Shared Parental Leave (SPL) is now available for all parents with a baby due before or after 05 April 2015. Supporters says that it will help women return to the workplace and allow men to be more involved in caring for their children.
However, new research by My Family Care and Workingmums.co.uk has revealed that parents are uncertain about what the changes mean and are unclear on how they can take advantage of the new legislation.
Of the 1,000 people questioned by consumer researchers, 1 in 4 (25%) admitted they were unaware of the changes. Nearly a third (32%) said they don’t understand the changes at all and a further 31% said the changes had left them with plenty of unanswered questions. A huge 72% said they specifically didn’t understand SPLIT days, making this a key issue that will need to be addressed
Gillian Nissim from Workingmums.co.uk, one of the companies who undertook the research, says: “What comes through from the survey data clearly is that parents are not aware of how SPL works, particularly on the detail like SPLIT days which allow mums and dads to keep in touch with work by working up to 20 days during their leave with their employers’ agreement.

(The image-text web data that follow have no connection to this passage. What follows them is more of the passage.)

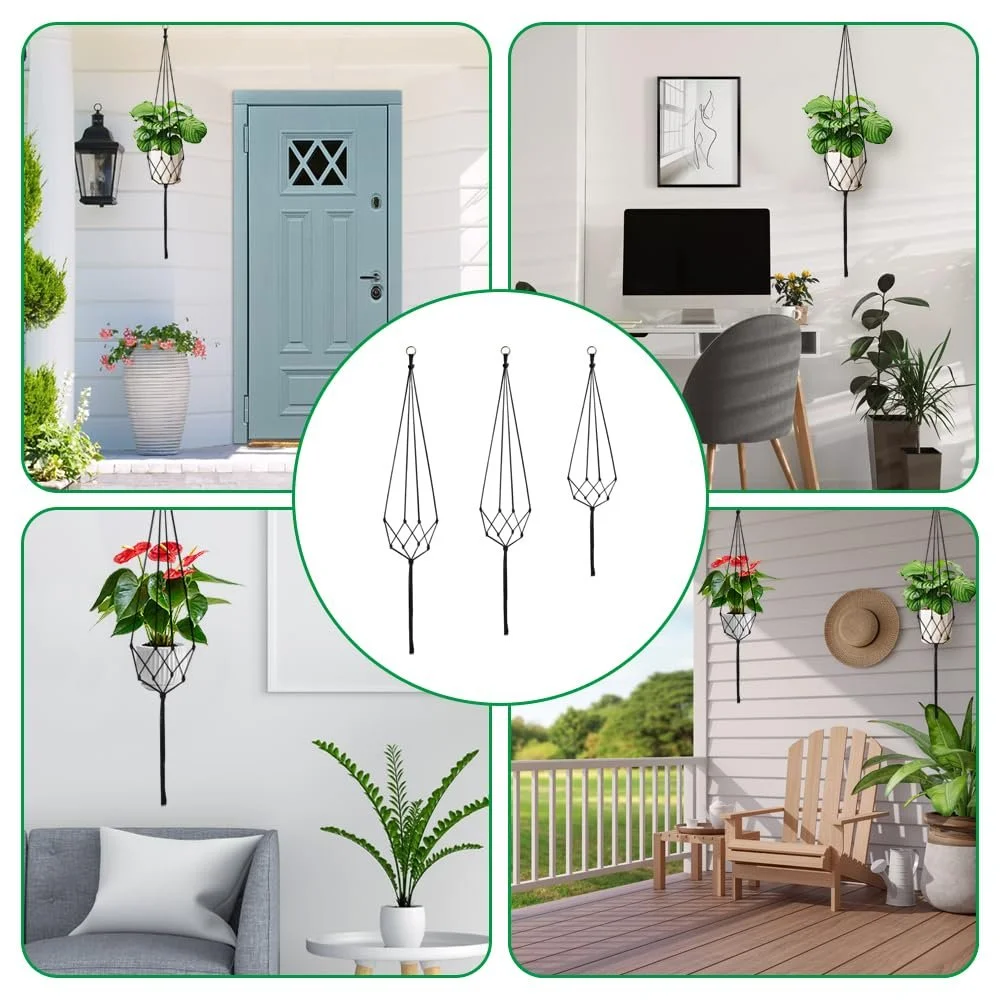 Підвісні кашпо макраме бавовняна мотузка 60/80/100 см 6 шт Чорний, фото №7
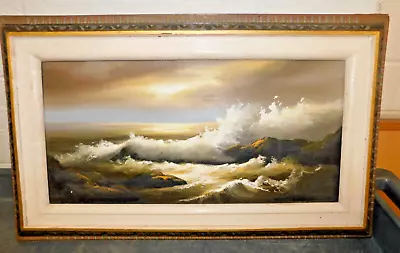 Vintage Rick Gonzalez (Filipino) Seascape Waves Oil Painting On Canvas Signed • $49.95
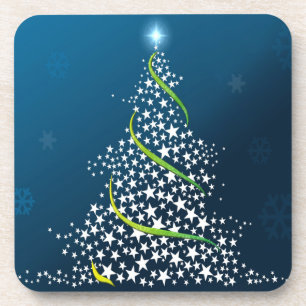 Starry christmas Tree on Blue Set of Cork Coasters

“It is also interesting that they prefer a single block of leave to shorter periods. This may be because they think this would be less disruptive for all involved or because they find it difficult to understand how shorter blocks might work.
“It is clear that parents will need some guidance to help them negotiate this new legislation and how it might affect their family so they can make a decision that works for them. The aim of SPL is to open up choice for parents, but it must be an informed choice.”
When it comes to uptake of Shared Parental Leave, the research found that 41% of couples would not even consider it, although 80% said they would change their decision if their company provided enhanced SPL, which will otherwise be at the statutory level.
Almost half (43%) think that taking leave could impact their partner’s career progress and therefore the long-term family finances. On the other hand, 35% of people – presumably made up of a majority of mothers – said that taking SPL would be positive for their career.
Ben Black, Director of My Family Care, which helps companies introduce family-friendly ways of working, says: “These results show that there is still a long way to go when it comes to educating people about Shared Parental Leave.
“However, I believe that as time goes by and becomes a part of everyday working culture, the uptake will increase and employees will welcome the chance to spend more time with their new baby or share their maternity leave with their partner.
“This is ground-breaking legislation and only time will tell how it is welcomed by employers and employees alike.”